Event-Time Sampling

Short Definition

Event-time sampling selects and splits data based on when events actually occurred, not when they were processed or recorded.

Definition

Event-time sampling is a time-aware data sampling strategy that uses the true occurrence time of events (event time) as the basis for training and evaluation splits. This contrasts with processing-time or ingestion-time sampling, which relies on when data was logged, received, or stored.

Event-time sampling preserves causal ordering in systems with delays, retries, or asynchronous pipelines.

Why It Matters

In many real-world systems—such as streaming platforms, fraud detection, telemetry, and user interaction logs—events may be processed long after they occur. Sampling by processing time can introduce future information into the past, leading to subtle but severe data leakage.

Event-time sampling ensures models only learn from information that would have been available at prediction time.

Event Time vs Processing Time

Event time: when the event actually happened
Processing time: when the system observed or logged the event

These timestamps often differ due to latency, batching, or failures.

How Event-Time Sampling Works

A typical workflow:

Identify the event-time timestamp for each observation
Sort data strictly by event time
Define training and evaluation windows using event time
Exclude events whose labels would not yet be available
Train and evaluate models accordingly

Label availability must be considered explicitly.

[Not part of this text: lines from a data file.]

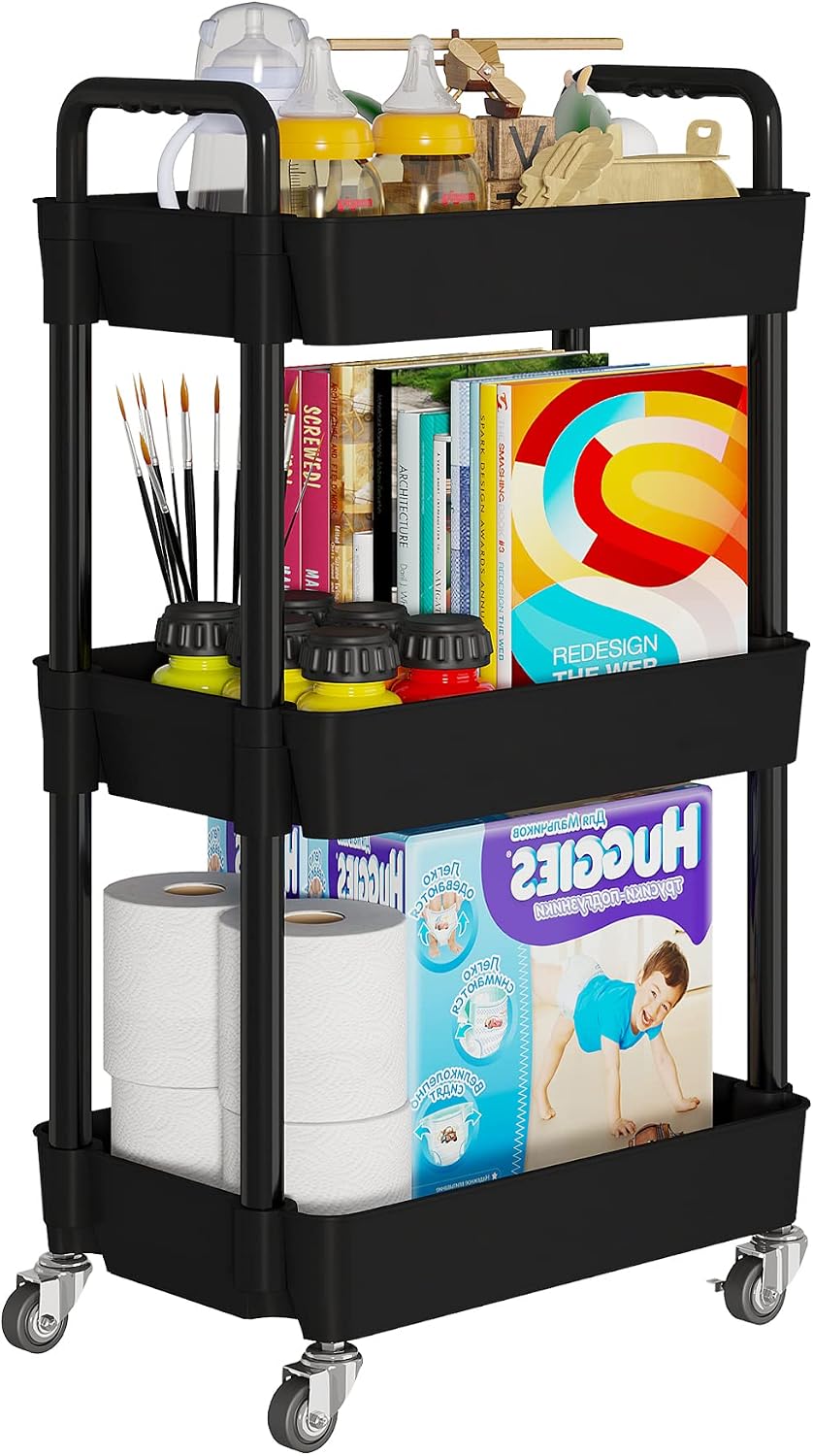 3 Tier Rolling Cart with Wheels, Utility Storage Carts,Black
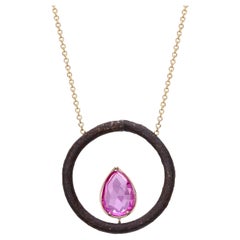 Karnayio Round Rusty Object Artistic Pendant in 9Kt Yellow Gold with Pink Spinel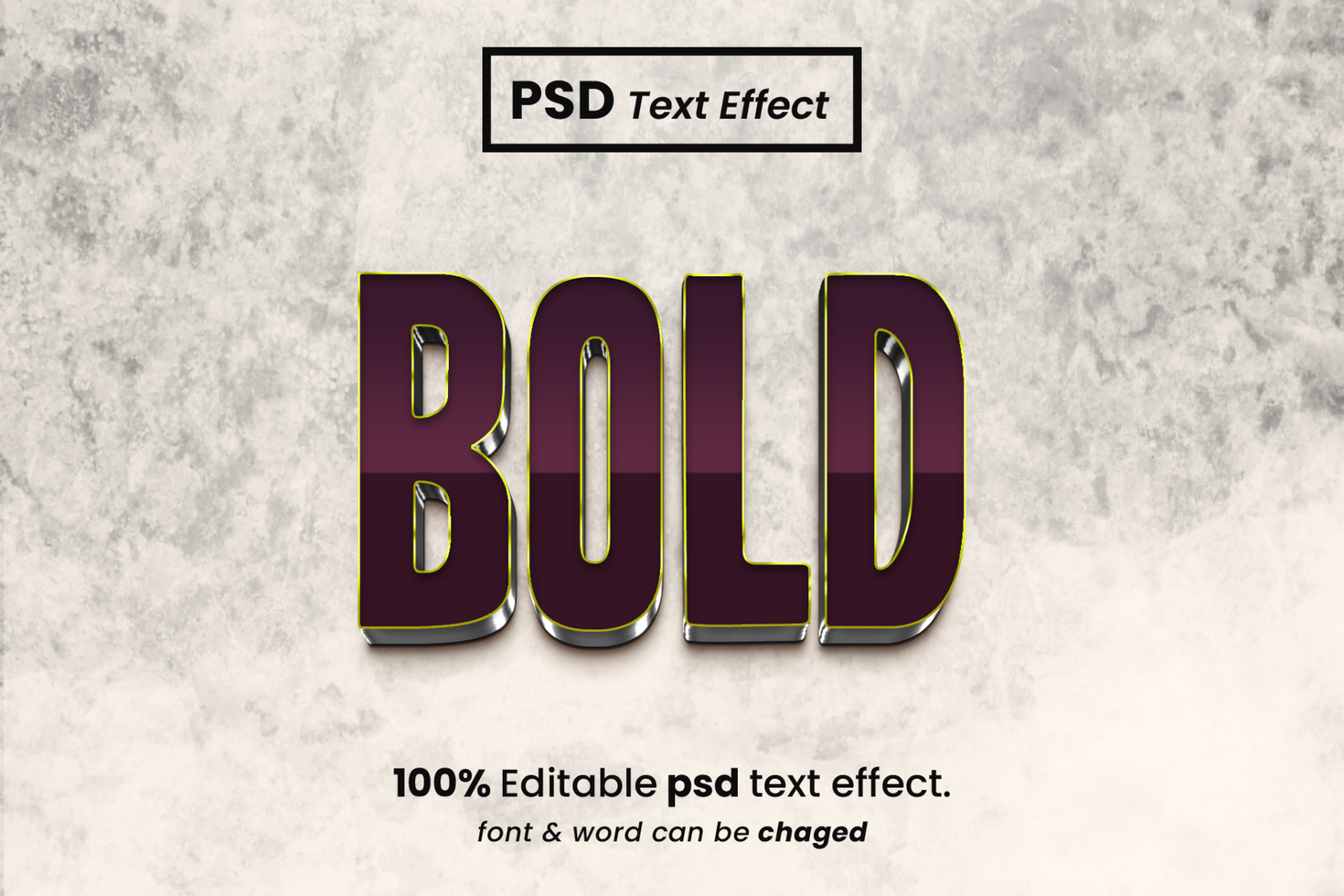 Bold 3D Editable Text Effect psd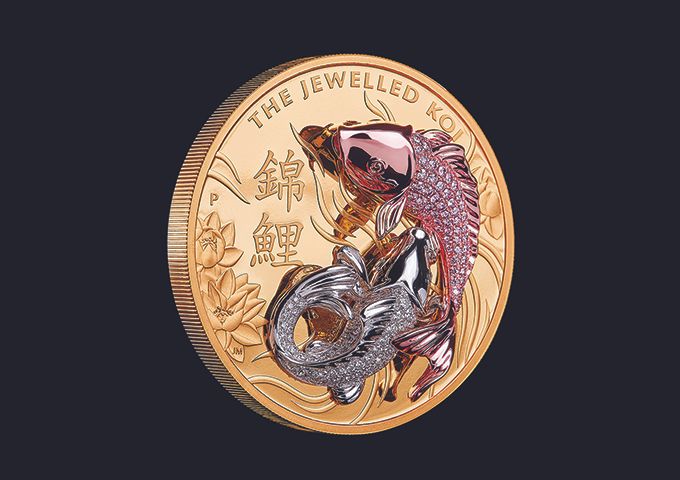 Jeweled Koi — монета Пертского монетного двора с розовыми бриллиантами Аргайл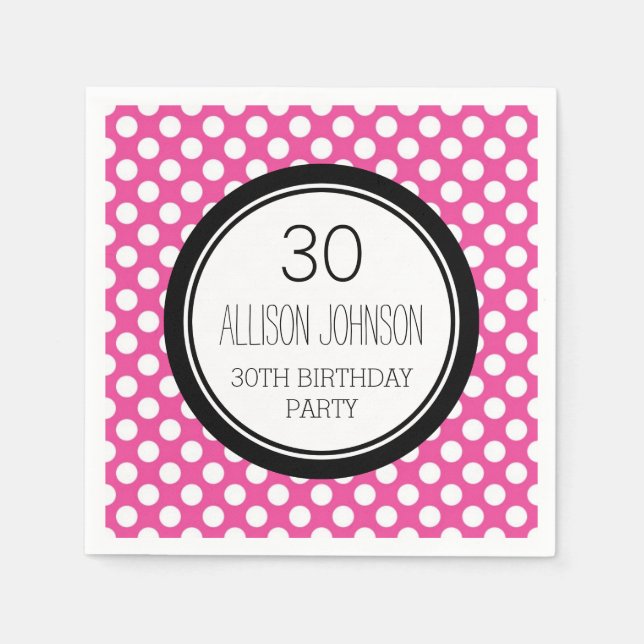 Monogram 30th Birthday Napkin Pink Dots (Front)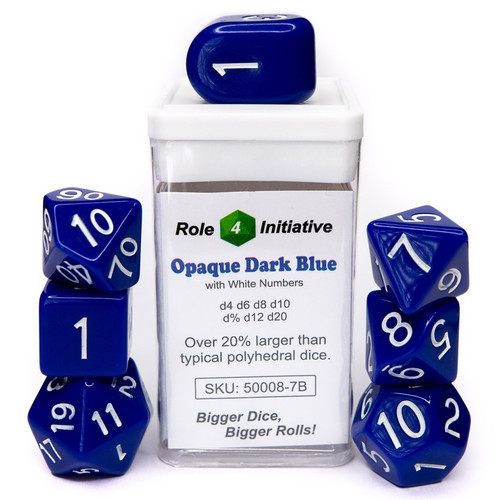 Dice and Gaming Accessories Polyhedral: Opaque Dark Blue/White (15)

Minimal Conceptual Example

			
# conceptual event-time split
train = data[data.event_time < T] 
test = data[(data.event_time >= T) & (data.event_time < T_next)]

Common Use Cases

Event-time sampling is essential in:

streaming and real-time systems
fraud and anomaly detection
recommendation systems with delayed feedback
IoT and sensor networks
log-based modeling with ingestion delays

Any system with asynchronous data benefits from event-time reasoning.